Gold Bullion continued to fall in Asia and London on Wednesday morning, trading 2.8% below Tuesday's new record high of $1430 per ounce as base metals and agricultural commodities dropped and global stock markets stalled.
Crude oil fell hard from yesterday's new two-year highs, but major-economy government bonds also fell further, extending Tuesday's sharp losses and driving 10-year US Treasury yields above 3.20% even as the US Dollar rallied sharply on the forex market.
Spot-market Silver Bullion prices lost more than 7% from yesterday's new 30-year high above $30.70 per ounce.
The Gold Price in Euros unwound the last of Monday's 1.9% surge to new record highs, trading back at last week's finish beneath €33,900 per kilo, while the single currency dipped below $1.32 on the forex market.
“Investors [in base metals] are clearly taking profits after the latest high-altitude flight,” reckons Commerzbank's commodities team.
"Liquidity is drying up before year-end, so even the most buoyant of asset classes, such as Gold Bullion, are affected,” says Jamie Spiteri, head of trading at Sydney's Shaw Stockbroking.
"Some investors who have sold their gold are buying back,” a Hong Kong dealer told Reuters on Wednesday.
"We don't see many people selling scrap gold.”
Scheduled to sell €5 billion in new government debt today, Berlin saw the yield on 10-year German Bunds rise to a 7-month high above 3.00% this morning.
Irish 10-year bond yields held steady above 8%, as the Dublin government won the first vote on its austerity budget announced Tuesday – needed to secure €85bn of emergency finance from Ireland's EU partners and the Washington-based IMF amid what finance minister Lenihan calls the “worst crisis in our history.”
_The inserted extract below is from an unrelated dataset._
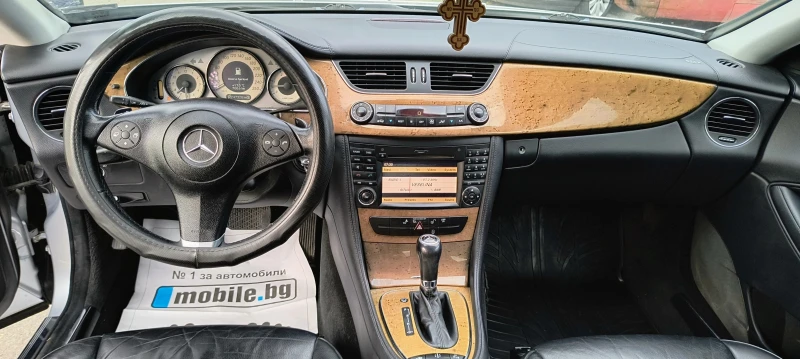 Mercedes-Benz CLS 320 CDI - БАРТЕР, снимка 9 - Автомобили и джипове - 51649013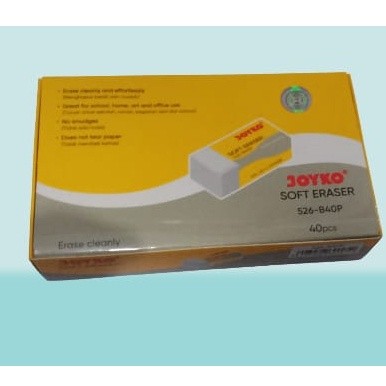 

PENGHAPUS PUTIH ISI 40 PCS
Ten-year UK gilts also fell again in price, pushing their yield to new buyers above 3.50% for the first time since June.
US Treasury bonds fell further too, as the tax-cut and jobless benefit extensions agreed by President Obama and Republican lawmakers late Monday night were estimated at “between $700 billion and $800 billion if ultimately signed into law” according to CNN Money.
“[Coming as] Obama’s deficit panel is trying to find ways to cut the $1.3trn budget deficit, [this] encourages the view that the Administration and Congress are not really interested in reducing the deficit,” says Steven Barrow, chief currency strategist at Standard Bank.
“The Eurozone seems to be in a very different place with its over-zealous deficit-reduction ambitions. [But] one cost of this...is the prospect of haircuts on future debt as policymakers try to shift the burden [of repayments] away from taxpayers.”
Back in the Gold Bullion market, “Record highs gave way to massive liquidation on Tuesday,” notes a London precious metals desk today, “as New York turned a seller of bonds and commodities.”
The jump in 10-year US Treasury yields to 3.00% and above “was a good enough reason to liquidate positions heading into year end and the selling momentum [in Gold Bullion ] was massive.”
Ten-year US Treasury bond yields today rose 3.25%, their highest level since June.
“After years of conveniently ignoring the issue and instead focusing efforts on pulverizing the Euro area, there appears to be a realization that the US has a massive Federal debt problem,” says Marc Ostwald at Monument Securities in London.
Calling the Eurozone debt crisis a “work in progress”, Ostwald believes that “A test of the 30-year downtrend [in US bond yields and thus interest rates] looks likely to be broken, and a run up to test 5.0% [on the 10-year] will mark the start of a long-term bear trend [in bond prices]...not only in the USA but around most of the G7 and Eurozone.”